Le projet de General Electric-France
S’il tempère sa mise en garde contre un retard dans la formation du gouvernement, Bruno Foucher ne manque pas de décrire les conséquences négatives qui résulteraient d’un immobilisme durable. « CEDRE a pour vocation de relancer l’économie et d’améliorer le quotidien des Libanais qui traversent des difficultés importantes. C’est pour cette raison que nous estimons que certains dossiers pourraient être mis en œuvre de façon prioritaire, comme l’électricité, la gestion des déchets ou encore l’eau qui est au cœur de la conférence de Paris », dit-il.
À Paris, General Electric-France a fait des propositions concrètes pour apporter au Liban la production d’électricité dont il a besoin, cela « dans un délai de dix mois ». Même si d’autres projets sont proposés à ce niveau par d’autres entreprises étrangères, ou encore jusqu’à nouvel ordre par le ministère de l’Énergie (les barges), l’ambassadeur de France défend pour la première fois de manière officielle le projet de GE-France, qu’il pense être le moins coûteux.

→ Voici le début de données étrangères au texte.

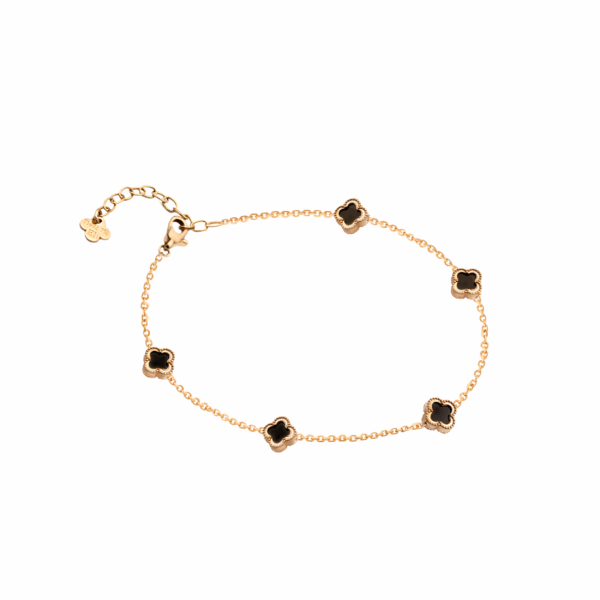 دستبند طرح ونکلیف سنگ پنج تایی ظریف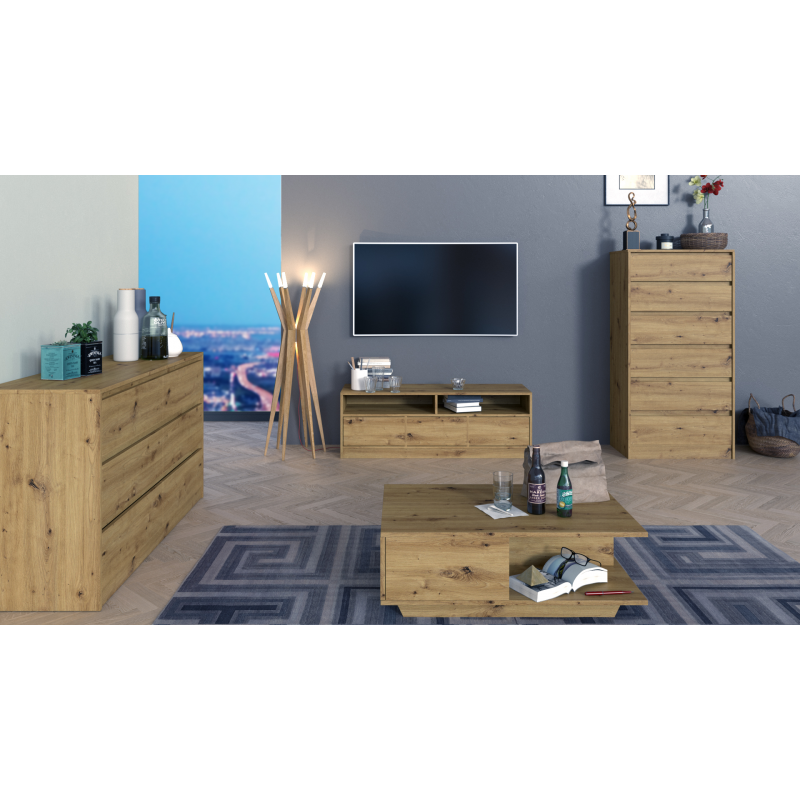 Komoda Karol 6 szuflad 120cm Dąb artisan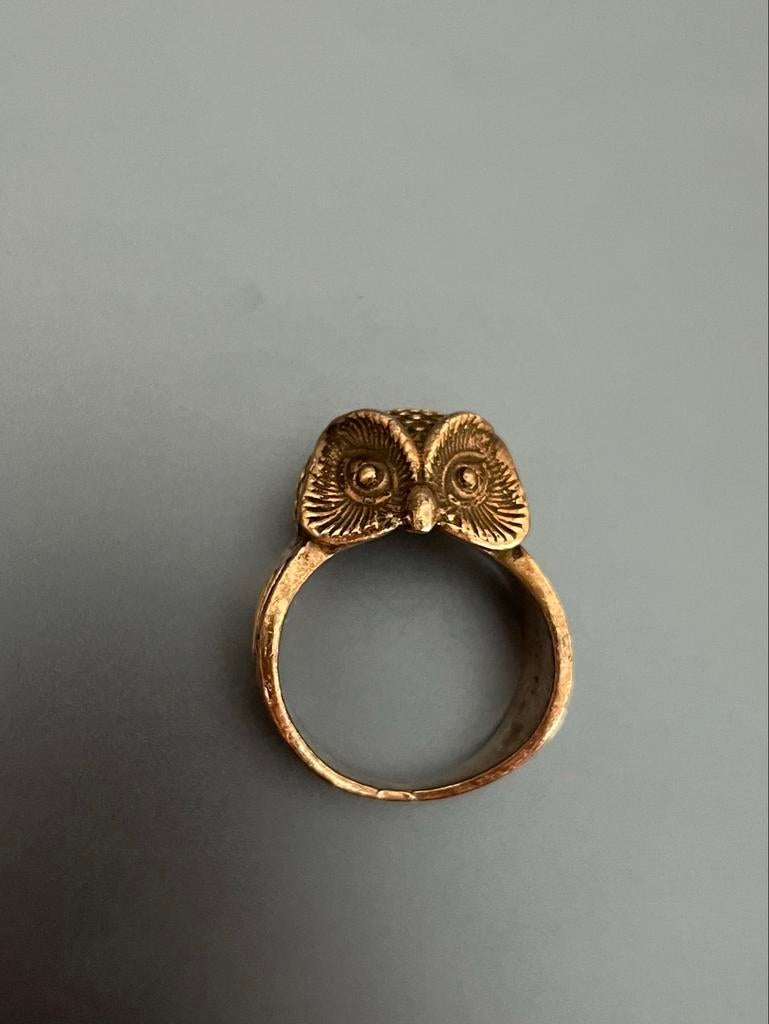 Zilveren uil ring, 925 sterling zilver, Gebruikt, 19 tot 20, Ophalen of Verzenden, Dame of Heer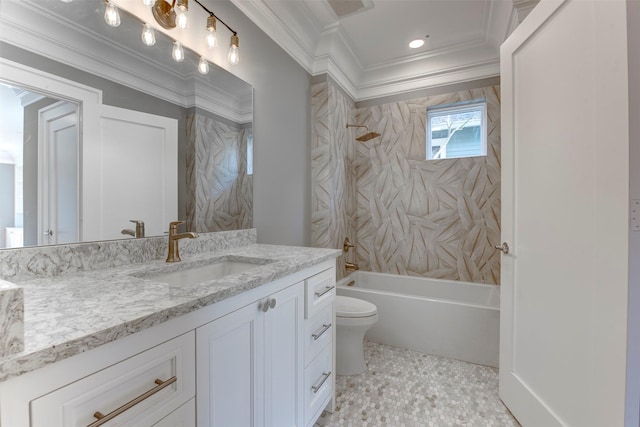 full bathroom featuring crown molding, vanity, toilet, and tiled shower / bath combo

Mais « c’est à l’État libanais de choisir les projets de réforme les plus économiques pour lui », nuance-t-il.
Le comité de suivi de CEDRE
La mise en œuvre du comité de suivi de la conférence de Paris est également en suspens. Ce comité, rappelle l’ambassadeur, sera « chargé de suivre dans le détail la mise en œuvre des réformes et des projets listés dans le (plan national d’investissement en infrastructures – Capital Investment Program, NDLR) CIP ». C’est sur ce point que CEDRE se différencie des autres conférences (Paris 1, 2, 3) tenues dans le passé. Ce comité sera « un lieu d’échanges entre le Liban et les partenaires », non pas « un comité de suivi international contre le Liban ». Il n’a pas encore été constitué, mais il devrait l’être sitôt un gouvernement entré en fonctions.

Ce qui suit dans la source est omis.